“去武昌吧,咱们定居在武昌后,我每年都给你做。”念锦云说完,就开始吃碗中甜汤。
苏荩却突然笑起来,“我还以为你会说每天呢,每年,我的天,那我一年到头就盼望着豆浆过日子了。”
念锦云嗤笑,却在心中暗叹自己的浑浑噩噩,“我说的是每年?我心里想的是每天。

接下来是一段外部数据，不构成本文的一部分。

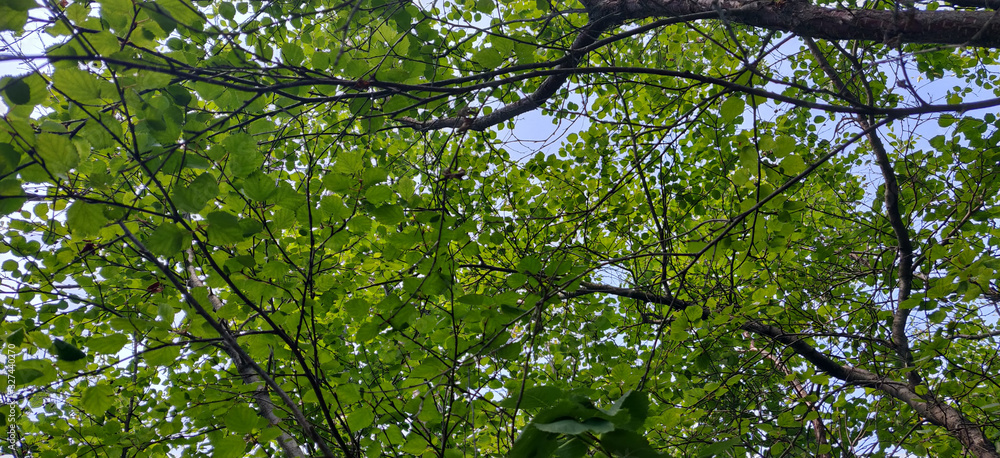 Fototapeta premium green leaves of tree
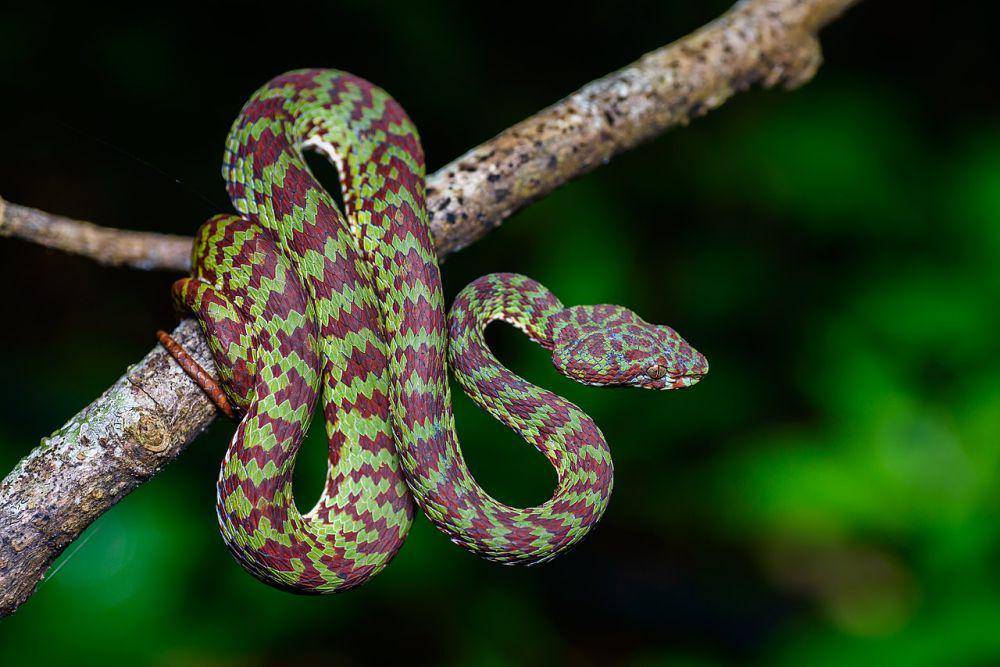 Ular viper dengan warna yang cantik (commons.wikimedia.org/Rushenb)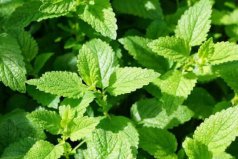 世界最出名的十大草本植物：薄荷、蘆薈、人參排前三名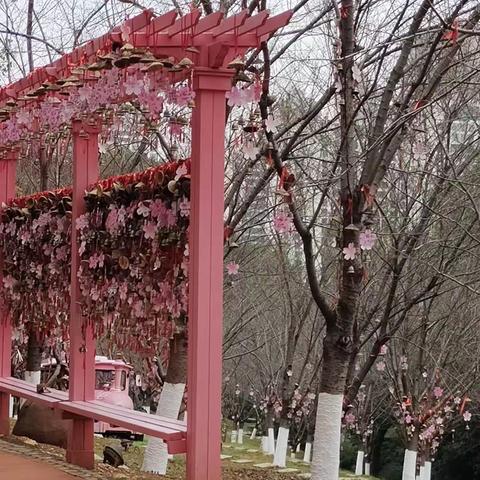 读万卷书 不如行万里路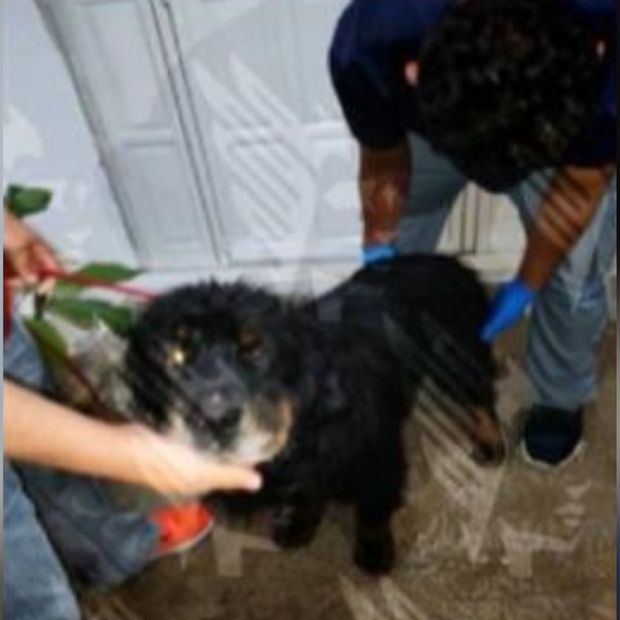 Vinculación a Proceso Esdras N Maltrato Animal Siete Perros Ignacio Romero Vargas Puebla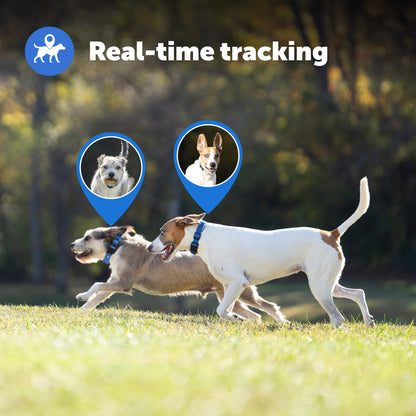 PetSafe Guardian GPS + Tracking Dog Fence Collar Pet Safe GPS Dog Collar Fence System, with App Waterproof Rechargeable Collar, Tracking for Dogs (Blue, Grey)
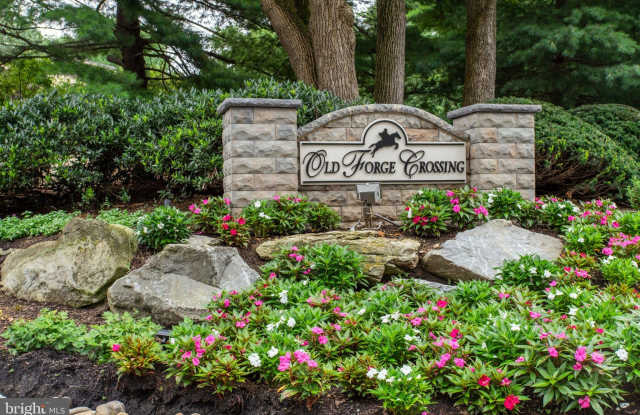 509 OLD FORGE Crossing Gallery 1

”
两人对视一笑,笑着笑着都沉默了,那似笑似哭的表情僵硬在脸上。
念锦云挥挥手,“你干嘛这样?有郝恩可在还不好啊?”
“可我总觉得对不起师兄,就好像我本是一块完整玉石,结果被人打碎了,师兄将我捡起来,又用不知道什么东西粘好了。”
苏荩叹息,眉眼忧伤更甚,“虽然粘好了,也变成
了原来的模样,但终究有裂痕,而且这裂痕还不少。”
念锦云自然是懂苏荩的意思的,她伸手摸了摸苏荩的手。
两姑娘柔嫩的小手瞬间握在一起,仿佛给了鼓励一样,“苏荩,郝恩可对你是真情实意的,我看得出来。”
“嗯,我相信师兄。”苏荩眼波微动,念锦云知道,这丫头心中还有一堵墙,不知郝恩可何时才能穿越过去。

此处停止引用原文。